The infighting over control of the union, the second largest affiliate of the South African Federation of Trade Unions (Saftu), has been going on since before the breakaway federation’s launch in 2017. 

It has intensified ahead of its elective congress, which has to be held before the end of the year.

In September, the union fired Masemola for misconduct over a R19.2-million write-off at its investment wing, Basebenzi Investment Group. 

He was also charged internally over using an additional R20-million in union funds to pay the investment company’s rent and operating expenses.

Masemola had been involved in a lengthy factional battle with a rival grouping in the union led by its president, Atwell Nazo, and Mngomezulu, ahead of his dismissal. Masemola had served as a director and acting chief executive officer of Basebenzi between 2006 and December 2018, and had survived an earlier dismissal.

Several of Masemola’s supporters, including August Mbhele in KwaZulu-Natal and Mthunzi Madondo in the Eastern Cape, have also been dismissed by the union leadership. All three have taken their cases to the CCMA.

On Thursday, Phakedi, who was elected as deputy general secretary of Saftu at its inaugural congress in 2017, made an urgent application in the labour court to stop Fawu from removing him from its payroll and stripping him of powers as an office-bearer. 

An earlier dismissal of Phakedi was set aside by the labour court late last month, but Fawu then issued him with a fresh letter removing him from office.

Mngomezulu said they had gone back to court to interdict Phakedi from doing Fawu work and receiving a salary from the union.

Saftu, he said, had undertaken to pay Phakedi’s salary from October 2019 in terms of an agreement between the national office-bearers of the union and the federation. 

“When Saftu was founded there was an issue about paying salaries as it was a new federation,”  Mngomezulu said. “Fawu undertook to fund the salary of the deputy general secretary, who was elected, as he came from Fawu, until Saftu was in a position to do so. Numsa (the National Union of Metalworkers of South Africa) did the same. The deputy general secretary appears to have his own agenda and has refused to allow the agreement to be implemented.’’ 

Last month, Phakedi in turn fired Mngomezulu, claiming that he was guilty of “gross insubordination” for ordering the union’s payroll department not to pay him his salary from October 2019.

In a letter of dismissal to his rival, Phakedi said Mngomezulu had “interfered’’ with his ability to carry out his duties as deputy general secretary. 

He said Mngomezulu had not been elected as deputy general secretary and was himself “misrepresenting’’ the union by claiming he was deputy secretary general, as he was a regional official of the Free State and the Northern Cape who was a temporary employee at Fawu’s head office.

Mngomezulu dismissed Phakedi’s claims, saying he was no longer a Fawu official.

Mngomezulu said Fawu’s national executive committee (NEC) would set a date for its national congress when it met later this month. 

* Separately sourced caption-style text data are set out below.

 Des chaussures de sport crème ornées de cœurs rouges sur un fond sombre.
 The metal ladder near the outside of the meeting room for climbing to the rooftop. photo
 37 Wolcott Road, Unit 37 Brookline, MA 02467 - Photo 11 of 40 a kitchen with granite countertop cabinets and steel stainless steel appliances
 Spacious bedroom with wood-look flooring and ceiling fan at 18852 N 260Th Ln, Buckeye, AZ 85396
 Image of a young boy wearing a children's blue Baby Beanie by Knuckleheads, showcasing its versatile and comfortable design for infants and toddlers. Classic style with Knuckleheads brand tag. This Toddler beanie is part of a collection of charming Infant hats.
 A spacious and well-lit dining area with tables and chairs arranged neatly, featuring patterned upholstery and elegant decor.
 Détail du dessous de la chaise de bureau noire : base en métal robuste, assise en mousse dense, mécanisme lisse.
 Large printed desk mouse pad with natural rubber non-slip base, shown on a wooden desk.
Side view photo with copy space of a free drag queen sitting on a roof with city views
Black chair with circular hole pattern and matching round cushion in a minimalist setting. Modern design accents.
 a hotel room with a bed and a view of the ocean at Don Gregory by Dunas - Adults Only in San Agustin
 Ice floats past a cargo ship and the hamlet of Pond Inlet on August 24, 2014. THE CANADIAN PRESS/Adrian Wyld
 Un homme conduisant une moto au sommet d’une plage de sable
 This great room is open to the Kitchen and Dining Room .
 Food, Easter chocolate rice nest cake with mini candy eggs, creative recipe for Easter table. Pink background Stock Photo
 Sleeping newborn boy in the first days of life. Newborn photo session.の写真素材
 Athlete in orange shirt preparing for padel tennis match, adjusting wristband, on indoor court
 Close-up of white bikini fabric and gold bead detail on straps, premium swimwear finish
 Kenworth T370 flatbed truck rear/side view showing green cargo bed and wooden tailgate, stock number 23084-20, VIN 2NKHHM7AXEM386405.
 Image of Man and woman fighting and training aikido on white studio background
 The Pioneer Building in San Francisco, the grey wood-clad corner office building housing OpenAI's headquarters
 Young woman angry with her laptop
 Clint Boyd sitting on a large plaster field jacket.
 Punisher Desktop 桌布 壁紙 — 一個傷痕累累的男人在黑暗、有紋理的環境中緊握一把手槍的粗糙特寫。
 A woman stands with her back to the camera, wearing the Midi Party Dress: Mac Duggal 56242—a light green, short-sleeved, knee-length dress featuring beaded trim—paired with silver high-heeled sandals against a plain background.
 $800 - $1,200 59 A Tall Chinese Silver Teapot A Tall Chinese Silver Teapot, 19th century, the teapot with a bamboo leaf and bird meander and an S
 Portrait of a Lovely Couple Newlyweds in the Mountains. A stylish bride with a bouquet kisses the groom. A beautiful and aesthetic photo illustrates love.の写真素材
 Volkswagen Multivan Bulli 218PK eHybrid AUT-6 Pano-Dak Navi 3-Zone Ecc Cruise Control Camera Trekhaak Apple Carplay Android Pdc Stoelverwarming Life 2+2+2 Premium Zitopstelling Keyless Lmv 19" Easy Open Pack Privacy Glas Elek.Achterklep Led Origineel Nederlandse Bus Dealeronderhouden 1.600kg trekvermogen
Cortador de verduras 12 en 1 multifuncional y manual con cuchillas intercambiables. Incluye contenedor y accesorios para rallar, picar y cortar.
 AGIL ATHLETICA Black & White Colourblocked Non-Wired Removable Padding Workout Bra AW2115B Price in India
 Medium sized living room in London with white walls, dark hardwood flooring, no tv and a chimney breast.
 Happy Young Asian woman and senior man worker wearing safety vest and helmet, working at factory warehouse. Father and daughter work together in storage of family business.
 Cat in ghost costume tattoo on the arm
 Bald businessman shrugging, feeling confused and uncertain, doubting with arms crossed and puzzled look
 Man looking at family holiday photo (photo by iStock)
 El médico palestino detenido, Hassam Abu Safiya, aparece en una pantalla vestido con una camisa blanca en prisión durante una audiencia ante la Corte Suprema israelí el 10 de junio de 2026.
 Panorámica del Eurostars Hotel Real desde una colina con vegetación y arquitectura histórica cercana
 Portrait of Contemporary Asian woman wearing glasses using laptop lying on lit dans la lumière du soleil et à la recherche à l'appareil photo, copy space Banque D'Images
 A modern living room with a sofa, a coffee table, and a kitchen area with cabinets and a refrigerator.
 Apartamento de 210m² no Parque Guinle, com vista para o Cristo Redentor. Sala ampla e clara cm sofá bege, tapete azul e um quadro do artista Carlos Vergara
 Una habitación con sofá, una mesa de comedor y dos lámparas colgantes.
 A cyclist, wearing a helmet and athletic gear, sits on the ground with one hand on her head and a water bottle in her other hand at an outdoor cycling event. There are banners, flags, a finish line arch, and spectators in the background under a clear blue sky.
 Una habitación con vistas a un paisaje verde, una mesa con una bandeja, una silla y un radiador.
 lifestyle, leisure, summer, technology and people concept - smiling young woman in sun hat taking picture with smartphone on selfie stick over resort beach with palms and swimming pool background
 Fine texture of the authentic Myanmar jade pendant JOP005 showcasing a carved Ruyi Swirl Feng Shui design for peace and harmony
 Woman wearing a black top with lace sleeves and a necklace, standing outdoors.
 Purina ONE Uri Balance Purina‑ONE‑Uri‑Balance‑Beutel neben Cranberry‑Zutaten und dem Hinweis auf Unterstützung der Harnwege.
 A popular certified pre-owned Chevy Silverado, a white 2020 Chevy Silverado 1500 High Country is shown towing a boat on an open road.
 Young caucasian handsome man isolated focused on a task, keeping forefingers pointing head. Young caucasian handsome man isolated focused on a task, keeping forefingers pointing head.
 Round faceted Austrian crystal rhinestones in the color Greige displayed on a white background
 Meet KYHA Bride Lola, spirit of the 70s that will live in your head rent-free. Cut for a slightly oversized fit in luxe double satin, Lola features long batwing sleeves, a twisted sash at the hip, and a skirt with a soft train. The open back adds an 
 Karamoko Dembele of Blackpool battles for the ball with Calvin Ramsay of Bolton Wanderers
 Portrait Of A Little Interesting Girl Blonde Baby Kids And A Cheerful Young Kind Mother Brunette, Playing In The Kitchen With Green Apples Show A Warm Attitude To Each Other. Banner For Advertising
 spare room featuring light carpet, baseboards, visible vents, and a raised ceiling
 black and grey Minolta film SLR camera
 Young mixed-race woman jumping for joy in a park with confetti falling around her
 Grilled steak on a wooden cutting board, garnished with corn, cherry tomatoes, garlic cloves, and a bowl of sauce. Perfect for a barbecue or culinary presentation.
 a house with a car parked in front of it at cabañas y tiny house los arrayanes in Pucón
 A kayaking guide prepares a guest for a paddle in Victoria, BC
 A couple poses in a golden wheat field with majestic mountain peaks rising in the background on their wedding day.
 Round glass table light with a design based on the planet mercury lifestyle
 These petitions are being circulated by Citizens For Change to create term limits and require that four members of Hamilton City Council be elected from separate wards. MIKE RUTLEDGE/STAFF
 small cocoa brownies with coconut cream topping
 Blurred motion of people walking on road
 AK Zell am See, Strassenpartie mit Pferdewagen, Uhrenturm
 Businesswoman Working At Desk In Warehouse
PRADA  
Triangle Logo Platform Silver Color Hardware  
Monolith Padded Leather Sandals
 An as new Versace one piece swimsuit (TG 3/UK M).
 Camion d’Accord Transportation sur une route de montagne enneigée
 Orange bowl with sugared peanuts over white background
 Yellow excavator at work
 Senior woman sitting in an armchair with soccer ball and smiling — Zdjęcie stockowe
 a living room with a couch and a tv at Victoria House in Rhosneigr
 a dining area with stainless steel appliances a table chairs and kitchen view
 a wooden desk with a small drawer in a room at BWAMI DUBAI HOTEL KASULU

He confirmed that Masemola, Madondo and Mbhele had taken the union to the CCMA over their dismissals.

Mngomezulu said the NEC had appointed Werksmans Attorneys to probe what went wrong in Basebenzi, and that the union would decide on what action to take thereafter.

Masemola’s challenge to his dismissal will be heard at the CCMA on April 14, with a pre-arbitration conference taking place in the next week or so.

“I am not accepting the dismissal. I hope to clear my name and cleanse my reputation, and return to the post. I will then resign and hand over the reins to a younger generation,” he said.

Masemola said he and his supporters were being purged as part of a “factional’’ issue and that the dispute was over leadership, and not ideological differences over whether or not to return to the Cosatu union federation.

Last year, the union narrowly avoided being deregistered by the labour department over its failure to submit financial statements for several years.

However, Mngomezulu said the union was now up to date with its commitments to the department and was stabilising, having held several successful provincial congresses in preparation for national congress.